Optical networking and the use of optical fiber have been omnipresent for decades. From the usage of fiber optics in communications in the 1970s for transmitting telephone traffic to the implosion of the telecommunications industry around 2001, fiber optics has lived a rather storied existence. Optical fibers are now used in a wide range of applications, from experimental use to long-haul networks. As the need for larger bandwidth availability grows, so does the favor toward using optical networks over electronic networks.
Electronic vs Optical Networking
As it happens, the primary differences between electronic and optical networks are straightforward. Electronic networks send information encoded through electrical signals through wire. Optical networks send information modulated in light pulses through fiber. In comparing the network formats, there are some tradeoffs between them.
Since optical networks are light based, they will always win on the side of speed. The electronic signals beings sent will not surpass those moving at the speed of light—even if said light is bouncing down the fibers. (Here the descriptor ‘bouncing’ is being used very loosely of course.) However, electronic interconnects and components tend to be cheaper and of lower complexity with a higher integration in the supply chain. While this is true, the amount of network traffic growth surpasses the speed of growth in electronic circuit capacity. This shifts the focus to optical networking rather rapidly.
The fibers used in optical networking can support a much larger bandwidth than electronic networks can. Fibers require less repeaters than copper wires and will not experience interference, though dispersion can occur. Even fiber, though, can come at a cost depending on the rate of the transmitted data. We will look into the cost-side of the optical networking a bit later in this post.
With the already high usage of bandwidth intensive data applications, solutions need to be found to accommodate the still growing demand. This causes the scalability of the network to be one of the primary points of interest. Optical communication and the breadth of optical networking help meet this need. Part of this is due to the number of modes that multimode fibers can support, as well as the ease of wavelength division multiplexing and demultiplexing. Fiber is used in many Metropolitan Area Networks (MAN), and combinations of fiber and copper are used in Wide Area Networks (WAN). However, fiber and copper are not the only methods of transmission for WANs. Other popular transmission mediums are through space using satellites and using antennas/wireless signals.
QAM Optical Networking Model
As could be expected, it is useful to be able to mathematically show in what instances optical networking is advantageous to electronic networking. The quantification of the viability of using optical networks/links over electronic methods was presented in a paper on quadrature amplitude modulated (QAM) optical transmission channels. Here, they compared the energy efficiency of QAM optical transmission channels using optical grooming to electronic grooming, existing networking schemes, and projected future networks.
The idea of using optical signal grooming has been explored by multiple researchers. Optical grooming is a way of coherently mixing signals and performing grooming functions without employing the use of optoelectronic or optical-electrical-optical conversion. This is achieved through taking advantage of nonlinear optical phenomena. The team evaluated optical grooming techniques at different baud rates and modulation schemes and compared the energy efficiency against electronic grooming setups and existing transmission techniques. This was accomplished through power consumption models.

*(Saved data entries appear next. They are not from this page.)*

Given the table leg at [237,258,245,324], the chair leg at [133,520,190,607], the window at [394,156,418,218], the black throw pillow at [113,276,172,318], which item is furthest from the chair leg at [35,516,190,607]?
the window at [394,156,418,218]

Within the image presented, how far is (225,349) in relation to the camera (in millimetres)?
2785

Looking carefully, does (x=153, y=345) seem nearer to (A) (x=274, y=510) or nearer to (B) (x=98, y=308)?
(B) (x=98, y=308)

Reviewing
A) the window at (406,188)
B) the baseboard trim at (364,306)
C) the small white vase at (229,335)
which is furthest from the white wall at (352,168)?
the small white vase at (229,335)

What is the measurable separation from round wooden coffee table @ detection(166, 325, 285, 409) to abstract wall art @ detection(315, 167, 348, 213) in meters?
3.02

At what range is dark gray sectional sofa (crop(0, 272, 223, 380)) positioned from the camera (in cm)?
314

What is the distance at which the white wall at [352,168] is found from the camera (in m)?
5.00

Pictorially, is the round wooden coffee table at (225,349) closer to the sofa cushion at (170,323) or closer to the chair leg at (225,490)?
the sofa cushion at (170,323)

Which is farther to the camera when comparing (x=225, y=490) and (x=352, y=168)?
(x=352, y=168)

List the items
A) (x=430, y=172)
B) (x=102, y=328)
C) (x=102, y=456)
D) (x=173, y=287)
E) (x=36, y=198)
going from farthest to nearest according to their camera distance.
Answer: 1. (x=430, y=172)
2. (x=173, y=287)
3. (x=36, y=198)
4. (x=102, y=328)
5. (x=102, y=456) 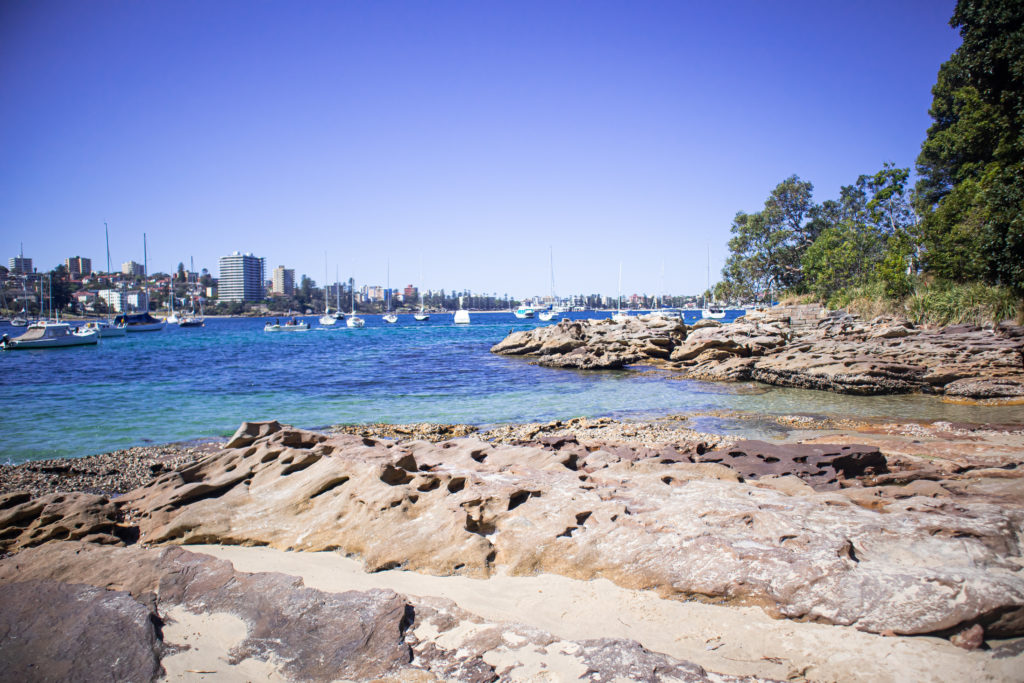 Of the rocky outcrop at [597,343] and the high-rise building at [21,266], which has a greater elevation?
the high-rise building at [21,266]

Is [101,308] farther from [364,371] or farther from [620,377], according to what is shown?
[620,377]

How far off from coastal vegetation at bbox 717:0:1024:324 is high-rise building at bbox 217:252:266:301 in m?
175

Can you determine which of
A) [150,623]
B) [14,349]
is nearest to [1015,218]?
[150,623]

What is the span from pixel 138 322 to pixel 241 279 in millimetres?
119399

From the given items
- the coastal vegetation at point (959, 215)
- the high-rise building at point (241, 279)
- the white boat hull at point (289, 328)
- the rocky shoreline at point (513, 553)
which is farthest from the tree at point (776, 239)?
the high-rise building at point (241, 279)

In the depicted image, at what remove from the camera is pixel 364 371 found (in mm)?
25844

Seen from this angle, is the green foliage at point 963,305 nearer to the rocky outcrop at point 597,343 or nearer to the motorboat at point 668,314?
the rocky outcrop at point 597,343

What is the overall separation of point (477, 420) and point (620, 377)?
35.5ft

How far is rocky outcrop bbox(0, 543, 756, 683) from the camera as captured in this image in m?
2.97

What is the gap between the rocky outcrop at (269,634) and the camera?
9.73 feet

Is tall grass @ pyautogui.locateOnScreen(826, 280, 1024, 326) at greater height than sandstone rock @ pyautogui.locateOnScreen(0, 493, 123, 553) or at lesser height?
greater

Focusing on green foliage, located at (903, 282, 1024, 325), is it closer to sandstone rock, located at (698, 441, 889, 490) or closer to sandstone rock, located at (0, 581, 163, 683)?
sandstone rock, located at (698, 441, 889, 490)

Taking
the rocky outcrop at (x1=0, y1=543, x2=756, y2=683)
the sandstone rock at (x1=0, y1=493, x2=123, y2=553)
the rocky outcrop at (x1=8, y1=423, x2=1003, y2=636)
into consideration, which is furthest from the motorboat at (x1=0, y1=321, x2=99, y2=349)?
the rocky outcrop at (x1=0, y1=543, x2=756, y2=683)

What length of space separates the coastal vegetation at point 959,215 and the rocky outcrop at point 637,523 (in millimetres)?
17321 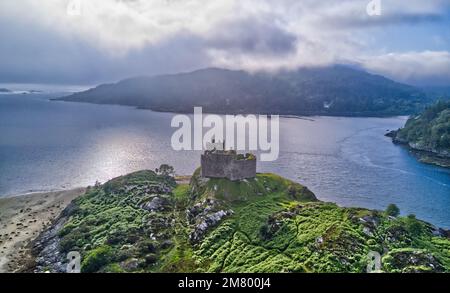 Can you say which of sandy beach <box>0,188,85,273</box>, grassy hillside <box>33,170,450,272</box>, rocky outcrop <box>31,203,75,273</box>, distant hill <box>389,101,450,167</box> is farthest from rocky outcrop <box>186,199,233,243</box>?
distant hill <box>389,101,450,167</box>

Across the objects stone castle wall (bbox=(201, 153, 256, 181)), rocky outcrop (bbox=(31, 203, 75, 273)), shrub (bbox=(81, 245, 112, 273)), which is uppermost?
stone castle wall (bbox=(201, 153, 256, 181))

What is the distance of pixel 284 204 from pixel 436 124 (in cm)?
9459

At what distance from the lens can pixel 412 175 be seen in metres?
80.5

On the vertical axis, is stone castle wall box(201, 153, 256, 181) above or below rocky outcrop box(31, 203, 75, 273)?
above

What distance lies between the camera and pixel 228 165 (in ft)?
142

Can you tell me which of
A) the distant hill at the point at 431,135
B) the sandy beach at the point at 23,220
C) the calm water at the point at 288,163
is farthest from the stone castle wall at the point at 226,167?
the distant hill at the point at 431,135

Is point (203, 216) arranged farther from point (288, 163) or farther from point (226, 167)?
point (288, 163)

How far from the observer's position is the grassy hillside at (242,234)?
90.2ft

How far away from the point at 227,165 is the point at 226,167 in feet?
0.85

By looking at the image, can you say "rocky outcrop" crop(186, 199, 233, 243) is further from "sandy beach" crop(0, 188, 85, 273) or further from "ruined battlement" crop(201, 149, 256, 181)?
"sandy beach" crop(0, 188, 85, 273)

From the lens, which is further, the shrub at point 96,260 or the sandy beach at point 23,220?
the sandy beach at point 23,220

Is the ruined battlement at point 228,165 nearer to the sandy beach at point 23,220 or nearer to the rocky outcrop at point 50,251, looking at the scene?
the rocky outcrop at point 50,251

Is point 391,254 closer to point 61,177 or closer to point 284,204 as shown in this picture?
point 284,204

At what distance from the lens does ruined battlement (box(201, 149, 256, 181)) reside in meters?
43.3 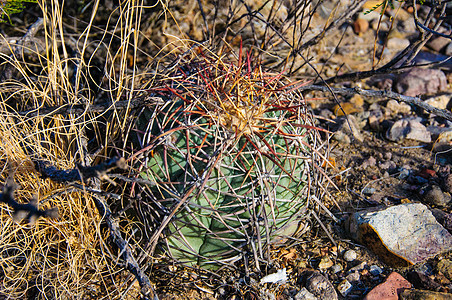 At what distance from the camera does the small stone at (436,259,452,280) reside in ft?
5.93

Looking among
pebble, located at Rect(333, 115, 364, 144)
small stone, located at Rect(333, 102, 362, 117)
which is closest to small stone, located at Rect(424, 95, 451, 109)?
small stone, located at Rect(333, 102, 362, 117)

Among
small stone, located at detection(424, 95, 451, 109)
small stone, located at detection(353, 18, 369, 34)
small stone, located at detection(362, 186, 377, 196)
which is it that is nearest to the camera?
small stone, located at detection(362, 186, 377, 196)

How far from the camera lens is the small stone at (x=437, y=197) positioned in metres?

Through their work, it was found that although using nonlinear optics increases cost and complexity, as information rate increases, the cost and energy consumption scales down on a per bit basis. This means that the efficiency per bit was improved at higher speeds. Optical grooming became preferential to electronic grooming at symbol-rates above 30 GBaud, which is where it became more energy efficient. Their projections also had optical grooming scenarios predicted to perform at an energy consumption a full order of magnitude less than that of current technology at high baud rates. This suggested that at lower symbol rates it may not be worth the cost to use optical grooming but to remain with electronic grooming or methods of coherent or direct detection.

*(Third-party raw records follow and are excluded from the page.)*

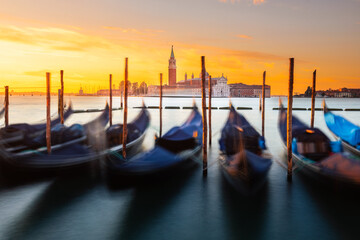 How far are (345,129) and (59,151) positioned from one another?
32.2ft

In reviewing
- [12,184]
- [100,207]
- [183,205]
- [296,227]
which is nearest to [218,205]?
[183,205]

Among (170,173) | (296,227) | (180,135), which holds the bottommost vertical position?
(296,227)

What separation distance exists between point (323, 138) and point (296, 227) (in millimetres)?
3350

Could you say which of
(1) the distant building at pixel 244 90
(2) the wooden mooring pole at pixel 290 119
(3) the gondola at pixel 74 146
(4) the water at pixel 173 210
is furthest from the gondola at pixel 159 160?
(1) the distant building at pixel 244 90

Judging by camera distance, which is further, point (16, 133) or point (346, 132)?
point (346, 132)

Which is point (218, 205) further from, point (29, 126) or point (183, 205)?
point (29, 126)

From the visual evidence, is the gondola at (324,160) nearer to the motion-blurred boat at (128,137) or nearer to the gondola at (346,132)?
the gondola at (346,132)

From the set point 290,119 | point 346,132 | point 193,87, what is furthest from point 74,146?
point 193,87

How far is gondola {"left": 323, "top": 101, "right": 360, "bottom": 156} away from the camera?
980cm

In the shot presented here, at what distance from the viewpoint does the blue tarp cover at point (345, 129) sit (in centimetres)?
988

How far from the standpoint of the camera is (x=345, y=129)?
35.9 feet

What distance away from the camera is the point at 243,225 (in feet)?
17.8

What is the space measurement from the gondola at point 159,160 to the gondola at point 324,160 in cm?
301

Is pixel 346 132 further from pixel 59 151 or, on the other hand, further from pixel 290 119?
pixel 59 151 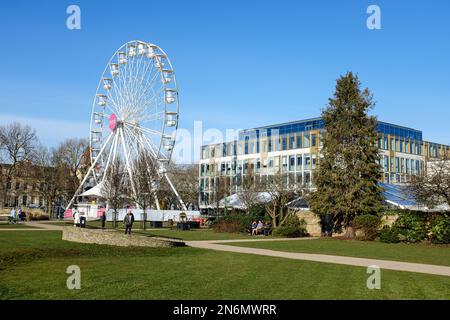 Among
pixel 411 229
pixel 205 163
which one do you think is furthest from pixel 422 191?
pixel 205 163

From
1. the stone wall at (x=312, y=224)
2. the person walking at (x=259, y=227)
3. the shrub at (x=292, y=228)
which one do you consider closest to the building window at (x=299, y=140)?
the shrub at (x=292, y=228)

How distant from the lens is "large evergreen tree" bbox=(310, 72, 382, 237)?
36438 mm

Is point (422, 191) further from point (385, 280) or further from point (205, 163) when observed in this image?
point (205, 163)

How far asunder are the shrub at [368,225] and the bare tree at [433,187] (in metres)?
3.18

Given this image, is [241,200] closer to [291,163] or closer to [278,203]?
[278,203]

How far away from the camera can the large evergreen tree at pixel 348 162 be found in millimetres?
36438

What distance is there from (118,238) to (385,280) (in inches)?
513

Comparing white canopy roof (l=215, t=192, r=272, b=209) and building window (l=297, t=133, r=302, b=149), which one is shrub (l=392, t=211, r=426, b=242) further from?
building window (l=297, t=133, r=302, b=149)

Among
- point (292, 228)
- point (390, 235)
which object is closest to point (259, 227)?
point (292, 228)

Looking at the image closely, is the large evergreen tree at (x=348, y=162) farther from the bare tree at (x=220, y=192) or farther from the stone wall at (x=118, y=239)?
the bare tree at (x=220, y=192)

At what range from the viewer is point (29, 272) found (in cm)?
1341

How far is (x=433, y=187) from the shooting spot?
1220 inches

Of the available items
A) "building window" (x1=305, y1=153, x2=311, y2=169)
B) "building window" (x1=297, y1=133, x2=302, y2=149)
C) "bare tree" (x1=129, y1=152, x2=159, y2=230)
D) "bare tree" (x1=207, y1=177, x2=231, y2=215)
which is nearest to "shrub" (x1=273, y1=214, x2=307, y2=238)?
"bare tree" (x1=129, y1=152, x2=159, y2=230)

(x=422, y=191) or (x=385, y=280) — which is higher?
(x=422, y=191) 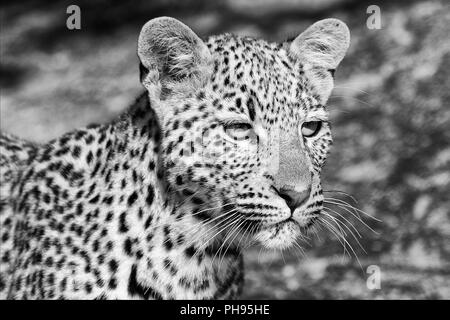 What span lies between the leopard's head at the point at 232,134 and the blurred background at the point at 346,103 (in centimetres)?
297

Optical vs Electrical Interconnects
Not only have optical and electrical networks been compared, but the optical and electronic components themselves have been too. Yet another paper analyzed the energy consumption and energy density between optical and electronic signal processing, but from the view point of optical versus electrical interconnects. It argues that electronic components in signal processing are preferable to those for optical signal processing. CMOS transistors have features on the order of 22 nm whereas the optical communication band operates in the 1550 nm range. The team considered the energy density with respect to the chip area to evaluate the energy consumption. Consideration was also given if energy would be needed to perform optical-electrical-optical conversion.
They found the energy consumption of optical signal processing to be competitive with electronic signal processing only when few digital operations were performed on the data. They also favored optical signal processing when high speed is the primary concern. Their final determination was that further exploration needed to be done to provide a more thorough and correct model and understanding of the energy consumption of optical devices. This was noted as the biggest hurdle to surmount before digital optical technologies can really take over the majority of the signal processing or switching applications.
Optical networking and signal processing is already widely used with projections to only gain even more prominence. Fiber-based networks outperform electronic networks at high data rates and can provide a wide bandwidth. For them to become more dominant, however, optical components must become more cost-effective and energy efficient.